I spent a lot of my childhood afraid. At home, we felt safe, of course, but that was at home. As I got older, though, I heard more and more stories about families like ours attacked in their homes. Women…mothers and daughters…raped as acts of violence against not just them but as warnings to all of us, those who were different. Men kidnapped at gunpoint as a means of extorting money and to satisfy a sick need to punish everyone like us. Boys killed on the street because of physical characteristics outside of their control. These things happened, and as I grew into a young man, my parents shared more and more of them. We needed to understand what we were up against, what kind of danger we were in simply because of what we looked like, the language we spoke.

When I was a small boy of maybe eight years of age, I got lost after getting off the school bus. We were still relatively new to the neighborhood, so I got off at the wrong stop. I knew was my address, but I could not find my street. I wandered for a while, slow dread rising inside me. I panicked when an aggressive dog in the street barked at me and started coming my way. I ran. Dread turned to terror. It seemed like the streets were deserted because I didn’t see a single person. If was just a labyrinth of roads, twisting and turning in ways I didn’t understand. I burst into hysterical tears. I walked for what seemed like hours to my young mind.

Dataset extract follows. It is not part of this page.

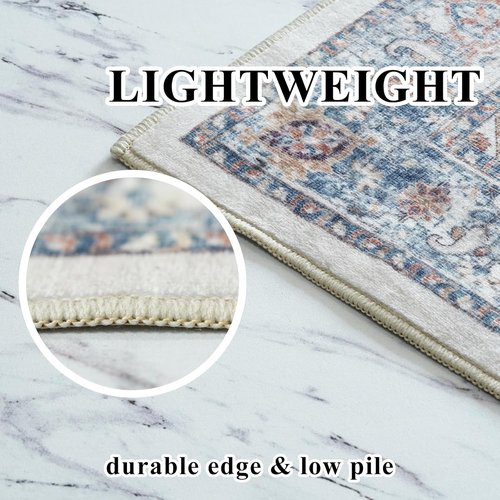 Hallway Washable Runner Rug - Vintage Soft Non-Slip Indoor Carpet for Entryway | 2'6''x12', Brick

Then, a man approached me. I don’t know what he was really thinking, but I froze in terror. He was very different from me. His skin was a different color than mine. He spoke to me, but I could not understand his language yet, not entirely. He took a few steps closer, and I lost my shit.

That’s when he took a step back, and his entire demeanor changed. He must have understood how utterly terrified I was because he gave me my space and spoke to me more slowly, with compassion. Then I understood: “Where do you live?” I told him the street, not the home number as I’d been trained. He pointed. “That way,” he said. “Just walk that way. You will see it.”

Later, after I found my way home, I thought about that scary, different man. Different, I came to realize, does not have to be scary.

Over the years, I learned the language, the culture, and the customs. I learned to temper my own difference in an effort to fit in better. I made friends, had a few romantic relationships, and figured out how to navigate my world. But, always there was fear, just under the surface. The truth of the matter was that they weren’t different, I was different. It was their country, their culture, not mine. I was never allowed to forget that.

My parents knew a family that were burglarized, the wife and daughter both raped. Another family experienced a botched carjacking. Another man was kidnapped at gunpoint as he got out of his car to open his garage. A young man at my high school was shot dead in the street as the result of an altercation with another teenager. A group of friend witnessed a hit and run and watched the victim die in the street as the car that hit him sped off. I lost count of the number of times my school bus was attacked: rocks thrown at the bus; bus windows smashed with bricks; a man reached through an open window and punched a girl…a girl…in the face while the bus was stopped. For 11 years, we simply lived with these things.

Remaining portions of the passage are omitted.